Construction Contracts Escalation Cause
Contractors and Subcontractors do not possess a crystal ball! Generally, contracts regarding construction involve the memorialization of what will be performed at some future event and how much it will cost. Contractors and Subcontractors must then manage their labor, material and overhead costs through out the project in order to be profitable. In a perfect world, if the costs remain constant through out the project the contractor will receive the anticipated profit. Unfortunately, especially in the current market environment, this seldom occurs, except for small projects that can be performed in a relatively short time span. So how are Contractors and Subcontractors able to cover the fluctuation of construction costs?
One way is to add an escalation clause to the construction contract. Essentially, the escalation clause provides of a base cost evaluation at the time of contract, but allows for the increase of costs, labor or fuel associated with the project during the course of performance through completion. The escalation clause generally covers the fluctuating, generally increasing, costs of the labor, materials and fuel through the project conclusion. The content of the clause can be as simple or as complex as required, depending on the size and duration of the project, and include a cost adjustment index or average price in a given geographic area.
An example of a simple adjustment clause might be:
MATERIAL COST ESCALATION: If, during the performance of this contract, the cost of materials significantly increases, through no fault of contractor, the price of this contract shall be equitably adjusted by an amount reasonably necessary to cover any such significant increase in the costs of materials. As used herein, a significant cost increase shall mean any increase in cost of materials exceeding ___% experienced by contractor from the date of the contract signing. Such increase in material costs shall be documented through quotes, invoices, or receipts. Where the delivery of materials delayed, through no fault of the contractor, as a result of the shortage or unavailability of the materials, contractor shall not be liable for any additional costs or damages associated with such delay(s).
A more complex adjustment clause might reference the cost per unit based upon an identified cost index, or a percentage increase based on the average price at the time of contract in the geographic area where the project is to be performed. The adjustment clause can reference an attachment to the contract where every material and fuel cost is identified and percentage of each to be the subject of an adjustment. The longer the time for the completion of the project and/or the complexity of the project will dictate the content of the adjustment clause.

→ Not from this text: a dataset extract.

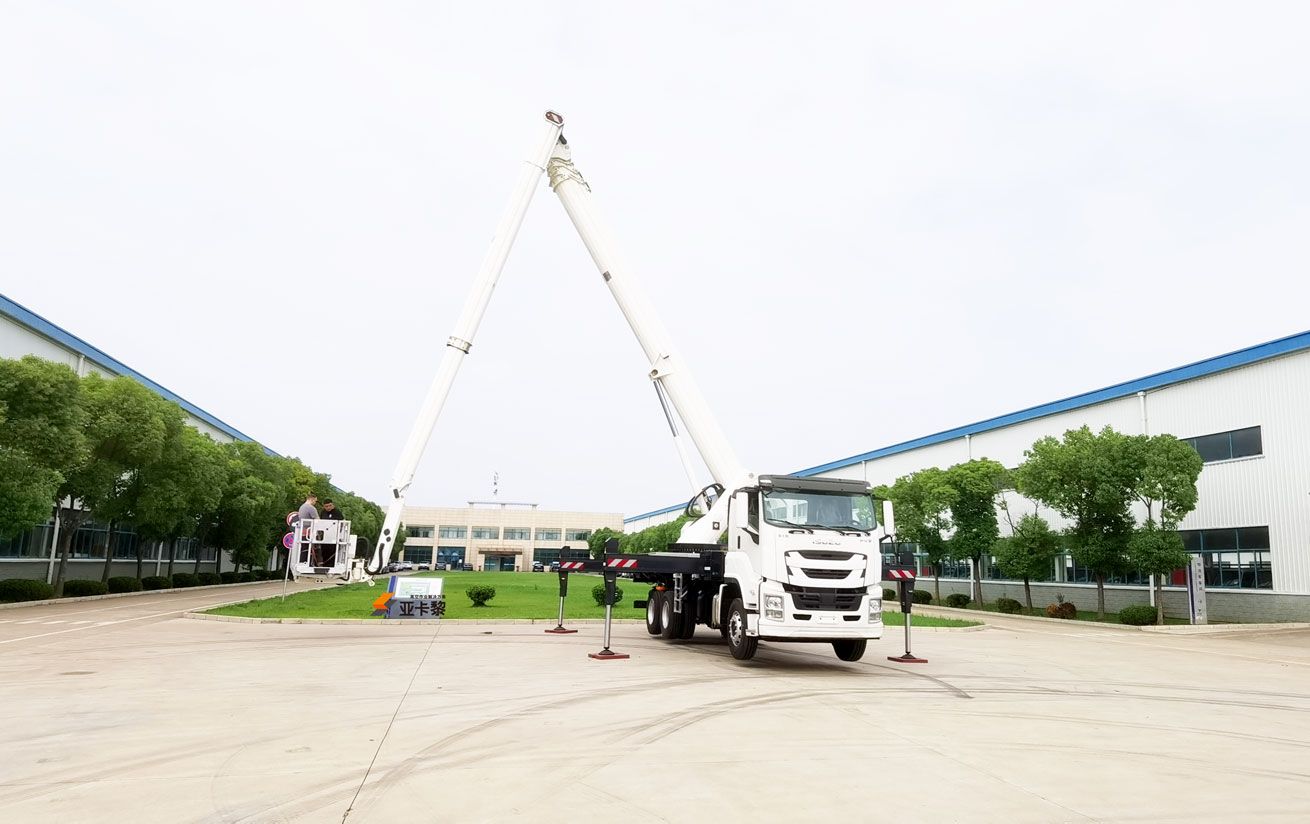 高空作業(yè)車 高空作業(yè)車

Understand, the adjustment clause shifts the burden of increasing costs from the Contractor to the client or from the Subcontractor to the general contractor as the circumstances dictate. Just as with any other contract provision, the adjustment clause is negotiable or may be rejected outright. As this clause has legal effect, just as every other clause in a construction contract, it is essential that an attorney draft the clause specific to the project or at the very least review the contract before it is submitted for approval to insure the rights of the Contractor or Subcontractor are protected as much as possible. Managing costs, especially for larger projects, is essential in order to maximize profitability. The escalation clause is one method of achieving the desired result.